Questions From Readers

 Questions From Readers

Did the ark of the covenant contain only the two stone tablets, or did it also hold other items?

At the time of the dedication of Solomon’s temple in 1026 B.C.E., “there was nothing in the Ark but the two tablets that Moses had given at Horeb, when Jehovah covenanted with the sons of Israel while they were coming out from Egypt.” (2 Chronicles 5:10) However, this was not always the case.

“In the third month after the sons of Israel came out of the land of Egypt,” they entered the wilderness of Sinai. (Exodus 19:1, 2) Thereafter, Moses went up into Mount Sinai and received the two stone tablets of the Law.

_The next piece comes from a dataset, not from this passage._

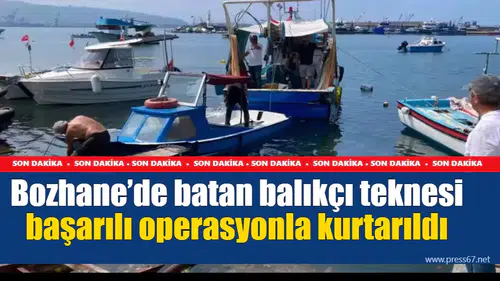 Bozhane’de batan balıkçı teknesi başarılı operasyonla kurtarıldı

He relates: “Then I turned and went down from the mountain and placed the tablets in the ark that I had made, that they might continue there, just as Jehovah had commanded me.” (Deuteronomy 10:5) This was a temporary ark, or container, that Jehovah had told Moses to construct to hold the tablets of the Law. (Deuteronomy 10:1) The ark of the covenant was not made ready until about the end of 1513 B.C.E.

Shortly after their deliverance from Egypt, the Israelites began to murmur about food. So Jehovah provided manna for them. (Exodus 12:17, 18; 16:1-5) At that time, Moses instructed Aaron: “Take a jar and put in it an omerful of manna and deposit it before Jehovah as something to be kept throughout your generations.” The account states: “Just as Jehovah had commanded Moses, Aaron proceeded to deposit it before the Testimony [an archive for the safekeeping of important documents] as something to be kept.” (Exodus 16:33, 34) While Aaron undoubtedly gathered manna into a jar at that time, the depositing of it before the Testimony had to wait until Moses made the Ark and placed the tablets in it.

As already noted, the ark of the covenant was constructed late in 1513 B.C.E. Aaron’s rod was placed in that Ark much later, after the rebellion of Korah and others. The apostle Paul mentions “the ark of the covenant . . . , in which were the golden jar having the manna and the rod of Aaron that budded and the tablets of the covenant.”​—Hebrews 9:4.

The manna was a provision made by God during the 40-year sojourn of the Israelites in the wilderness. It was no longer provided when “they began to eat some of the yield of the land” of promise. (Joshua 5:11, 12) Aaron’s rod was placed in the ark of the covenant for a purpose​—to serve as a sign to or a witness against the rebellious generation. This suggests that the rod remained there at least for the duration of the wilderness journey. It would, then, seem logical to conclude that some time after Israel entered the Promised Land and before the dedication of Solomon’s temple, Aaron’s rod and the golden jar of manna were removed from the ark of the covenant.